- _Problem requirements_: Print the whole listing again exactly as it stands, leaving out any images.

- _Available data_:
=== Begin Enclosure ===

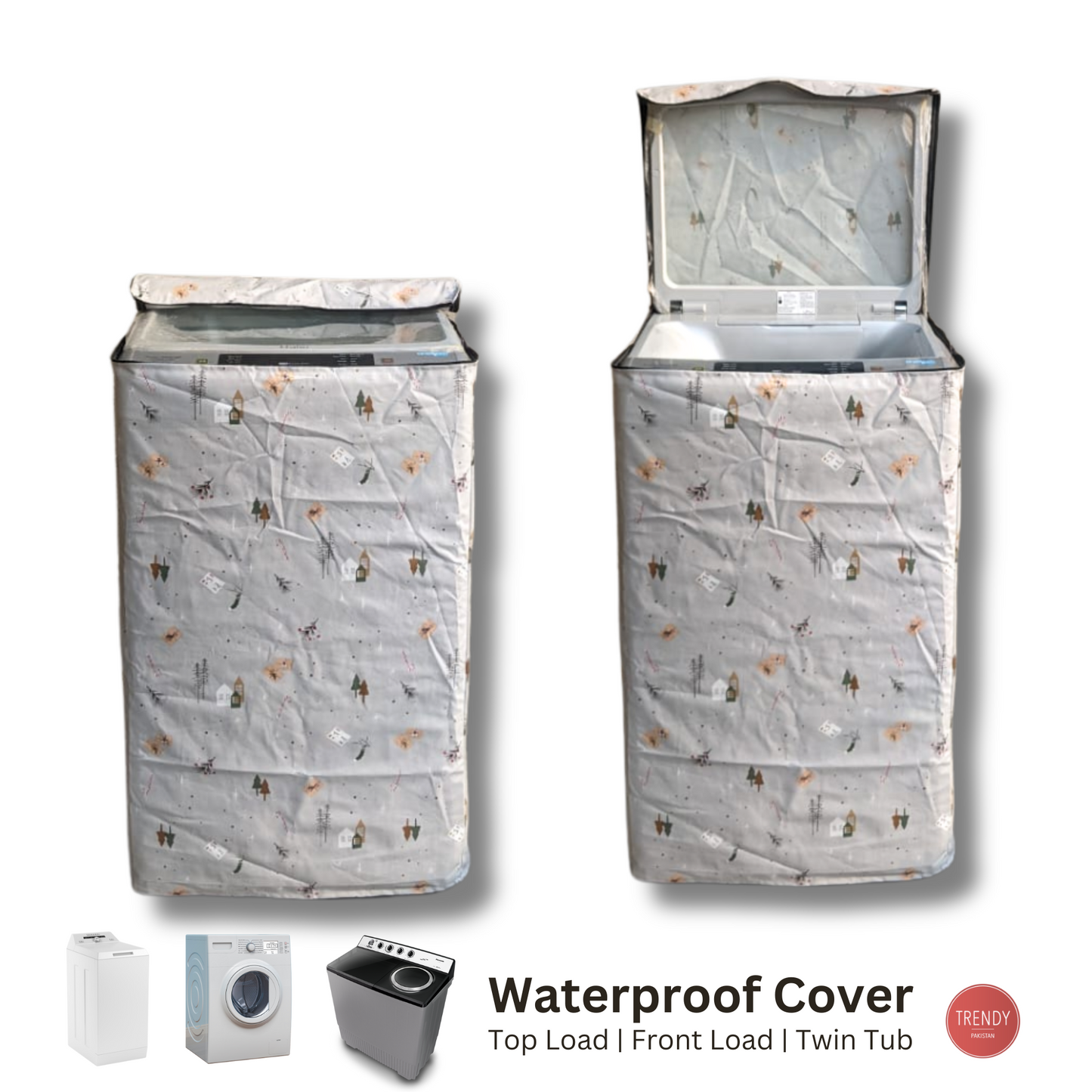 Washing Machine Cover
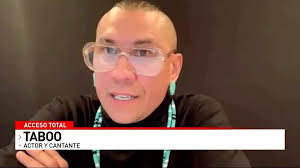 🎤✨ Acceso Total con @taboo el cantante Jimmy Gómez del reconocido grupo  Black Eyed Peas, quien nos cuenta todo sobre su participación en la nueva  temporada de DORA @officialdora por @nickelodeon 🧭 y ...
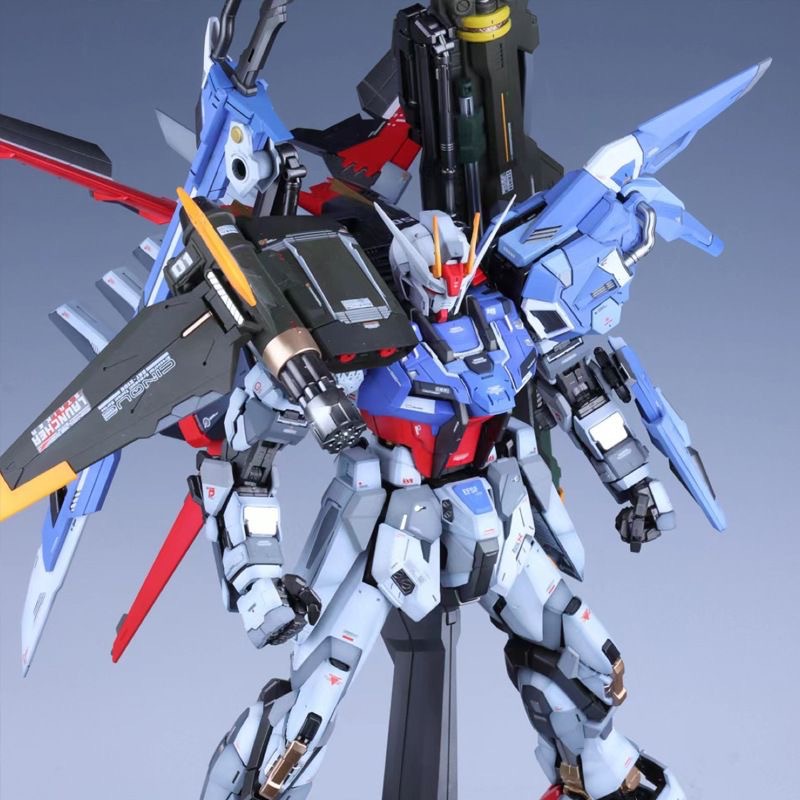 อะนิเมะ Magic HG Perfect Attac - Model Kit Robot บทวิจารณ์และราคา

=== End Enclosure ===

- _Output for this task_:
 Washing Machine Cover
 🎤✨ Acceso Total con @taboo el cantante Jimmy Gómez del reconocido grupo  Black Eyed Peas, quien nos cuenta todo sobre su participación en la nueva  temporada de DORA @officialdora por @nickelodeon 🧭 y ...
 อะนิเมะ Magic HG Perfect Attac - Model Kit Robot บทวิจารณ์และราคา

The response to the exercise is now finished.